Alors que je débutais dans l’aide aux victimes de la traite humaine, j’avais de nombreuses croyances et à priori qui m’habitaient, notamment :

Ces femmes avaient cherché cette vie d’une façon ou d’une autre. Soit par un choix naïf, soit pour gagner de l’argent vite fait, soit par…je ne sais pas, j’avoue que je ne réfléchissais pas trop à quelles avaient pu être leurs motivations.

Ce que j’ai découvert a balayé ces idées, qui sont pourtant encore tellement répandues !

A notre première sortie, nous avons été frappés par le monde qui gravite autour de ces femmes, hommes ou transsexuel : des clients, de toutes sortes. Des réfugiés, en mal d’activité ou simplement logeant dans le quartier. Des sous-loueurs de chambre, juste pour une passe. Des gérants de salon. Des personnes de tous les continents, ou presque. Des drogués. Des dealers. Des « petits copains », un terme passe-partout pour parler des loverboys. Des grosses bagnoles. Des petits « coucous ». La police. En uniforme ou non. Des hommes qui font la garde : proxénètes ou voyeurs. Des adolescents. Des fourgons.

Et nous sommes allés directement vers les transsexuels. Un choc. Des traits masculins, le menton carré ou picoté de poils, leurs grosses mains trahissant leur identité sexuelle originelle, en mal d’amour, de vrai amour. Nous avons eu des conversations personnelles dès la première fois. Enfin quelqu’un qui vient les voir, s’intéresse à eux, les considère ! Je crois que je ne pourrais jamais oublier leurs sourires et leurs regards brillants. Je les vois encore.

De fil en aiguille, de nombreux contacts se sont développés. La confiance s’est tissée. Avec les transsexuels, mais aussi avec les prostituées. C’est un travail de longue haleine. La police le dit aussi. Pourquoi ? Car ces personnes ont vu tellement de fois leur confiance être trahie qu’elles ne la donnent plus aussi facilement. Sans compter les risques réels de représailles.

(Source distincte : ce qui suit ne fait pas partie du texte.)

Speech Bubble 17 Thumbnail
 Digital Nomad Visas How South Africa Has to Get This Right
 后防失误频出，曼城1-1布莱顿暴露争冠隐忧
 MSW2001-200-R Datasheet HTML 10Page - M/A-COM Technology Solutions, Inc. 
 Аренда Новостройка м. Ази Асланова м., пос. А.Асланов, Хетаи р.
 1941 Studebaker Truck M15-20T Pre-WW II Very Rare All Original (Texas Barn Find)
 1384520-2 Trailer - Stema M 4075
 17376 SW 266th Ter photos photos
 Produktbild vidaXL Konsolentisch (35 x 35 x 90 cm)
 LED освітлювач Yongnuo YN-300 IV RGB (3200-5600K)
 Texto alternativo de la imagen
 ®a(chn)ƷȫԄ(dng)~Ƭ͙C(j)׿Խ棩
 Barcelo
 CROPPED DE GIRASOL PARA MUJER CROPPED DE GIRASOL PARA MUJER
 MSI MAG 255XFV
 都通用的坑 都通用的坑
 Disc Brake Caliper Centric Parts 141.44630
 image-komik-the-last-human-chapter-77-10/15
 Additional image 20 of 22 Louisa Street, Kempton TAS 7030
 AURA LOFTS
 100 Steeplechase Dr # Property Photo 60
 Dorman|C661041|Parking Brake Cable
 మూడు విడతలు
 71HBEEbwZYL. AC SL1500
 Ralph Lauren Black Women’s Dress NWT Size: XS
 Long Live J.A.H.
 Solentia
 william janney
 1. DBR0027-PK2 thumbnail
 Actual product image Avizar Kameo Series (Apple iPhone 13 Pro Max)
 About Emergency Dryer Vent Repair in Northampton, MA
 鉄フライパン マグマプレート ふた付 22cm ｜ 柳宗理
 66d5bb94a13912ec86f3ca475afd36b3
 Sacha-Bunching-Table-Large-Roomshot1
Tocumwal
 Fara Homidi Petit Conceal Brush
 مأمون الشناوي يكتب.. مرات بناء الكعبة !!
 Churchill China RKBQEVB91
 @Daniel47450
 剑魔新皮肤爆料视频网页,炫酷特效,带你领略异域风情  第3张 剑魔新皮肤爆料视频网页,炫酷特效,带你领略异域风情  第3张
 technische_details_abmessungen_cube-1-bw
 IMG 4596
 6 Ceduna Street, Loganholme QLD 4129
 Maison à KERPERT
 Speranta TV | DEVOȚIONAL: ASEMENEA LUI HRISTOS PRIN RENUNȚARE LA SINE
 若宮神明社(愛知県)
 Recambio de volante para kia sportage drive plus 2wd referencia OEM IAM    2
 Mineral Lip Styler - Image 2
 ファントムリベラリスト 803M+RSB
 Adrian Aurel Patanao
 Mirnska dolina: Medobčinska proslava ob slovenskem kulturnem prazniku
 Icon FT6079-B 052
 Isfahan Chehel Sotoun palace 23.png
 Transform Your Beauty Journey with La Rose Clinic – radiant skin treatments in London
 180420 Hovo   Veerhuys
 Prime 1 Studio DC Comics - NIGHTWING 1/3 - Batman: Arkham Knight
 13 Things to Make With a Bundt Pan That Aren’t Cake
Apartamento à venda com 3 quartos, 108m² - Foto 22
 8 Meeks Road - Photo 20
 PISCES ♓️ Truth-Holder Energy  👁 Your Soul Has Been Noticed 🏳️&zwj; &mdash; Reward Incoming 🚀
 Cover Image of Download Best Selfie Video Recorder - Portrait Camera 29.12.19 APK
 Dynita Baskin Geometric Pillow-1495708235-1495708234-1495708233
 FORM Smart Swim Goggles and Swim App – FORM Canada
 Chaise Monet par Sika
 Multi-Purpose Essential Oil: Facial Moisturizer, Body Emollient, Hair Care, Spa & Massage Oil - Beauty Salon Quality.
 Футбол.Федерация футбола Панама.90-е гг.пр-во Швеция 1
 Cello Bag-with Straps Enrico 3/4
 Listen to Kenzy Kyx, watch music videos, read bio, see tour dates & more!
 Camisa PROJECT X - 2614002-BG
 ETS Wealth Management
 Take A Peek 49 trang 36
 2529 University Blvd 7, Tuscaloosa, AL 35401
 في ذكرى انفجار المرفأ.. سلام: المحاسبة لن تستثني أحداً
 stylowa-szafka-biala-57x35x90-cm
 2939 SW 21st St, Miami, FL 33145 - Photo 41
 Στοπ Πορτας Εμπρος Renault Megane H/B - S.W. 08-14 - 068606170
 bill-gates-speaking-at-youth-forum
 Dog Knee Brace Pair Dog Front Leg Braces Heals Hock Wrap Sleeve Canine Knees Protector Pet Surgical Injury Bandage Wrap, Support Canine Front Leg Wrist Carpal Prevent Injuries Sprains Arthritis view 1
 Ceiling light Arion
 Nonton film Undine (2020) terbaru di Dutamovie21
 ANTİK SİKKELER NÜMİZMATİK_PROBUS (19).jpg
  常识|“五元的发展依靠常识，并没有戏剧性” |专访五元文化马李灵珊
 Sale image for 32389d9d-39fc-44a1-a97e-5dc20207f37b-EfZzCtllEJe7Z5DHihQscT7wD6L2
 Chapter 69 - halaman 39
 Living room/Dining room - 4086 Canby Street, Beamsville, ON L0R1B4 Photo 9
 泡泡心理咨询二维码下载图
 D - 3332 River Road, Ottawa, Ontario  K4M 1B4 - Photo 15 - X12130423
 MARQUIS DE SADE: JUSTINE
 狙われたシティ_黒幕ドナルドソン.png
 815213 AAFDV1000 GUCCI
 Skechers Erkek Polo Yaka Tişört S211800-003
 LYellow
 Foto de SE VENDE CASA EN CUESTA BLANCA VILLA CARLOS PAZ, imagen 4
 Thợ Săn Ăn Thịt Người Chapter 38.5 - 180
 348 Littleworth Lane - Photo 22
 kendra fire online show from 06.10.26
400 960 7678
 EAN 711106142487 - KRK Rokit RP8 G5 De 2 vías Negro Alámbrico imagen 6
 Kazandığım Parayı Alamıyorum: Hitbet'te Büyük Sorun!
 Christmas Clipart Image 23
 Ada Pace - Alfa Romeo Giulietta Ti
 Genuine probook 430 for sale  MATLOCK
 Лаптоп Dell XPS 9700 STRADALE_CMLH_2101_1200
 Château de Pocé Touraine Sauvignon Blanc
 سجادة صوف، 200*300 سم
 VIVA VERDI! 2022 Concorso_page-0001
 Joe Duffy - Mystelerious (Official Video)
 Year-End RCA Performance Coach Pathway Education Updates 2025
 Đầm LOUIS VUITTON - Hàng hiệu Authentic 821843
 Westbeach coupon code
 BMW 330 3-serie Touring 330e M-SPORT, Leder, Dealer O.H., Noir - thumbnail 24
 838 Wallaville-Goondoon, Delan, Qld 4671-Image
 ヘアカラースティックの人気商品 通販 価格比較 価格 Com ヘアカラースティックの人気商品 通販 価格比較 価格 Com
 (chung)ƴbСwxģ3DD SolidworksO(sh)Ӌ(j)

Première fausse-croyance : ces personnes qui exercent la prostitution, l’ont-elles choisie, cette activité ?

Au fil des témoignages amassés, nous pouvons affirmer ceci : le pourcentage de personnes qui choisissent véritablement de se prostituer est tellement faible qu’en presque dix ans de visite sur le terrain, nous pouvons les compter sur le doigt d’une main. Et pourtant, par année, nous en côtoyons entre 500 et 700…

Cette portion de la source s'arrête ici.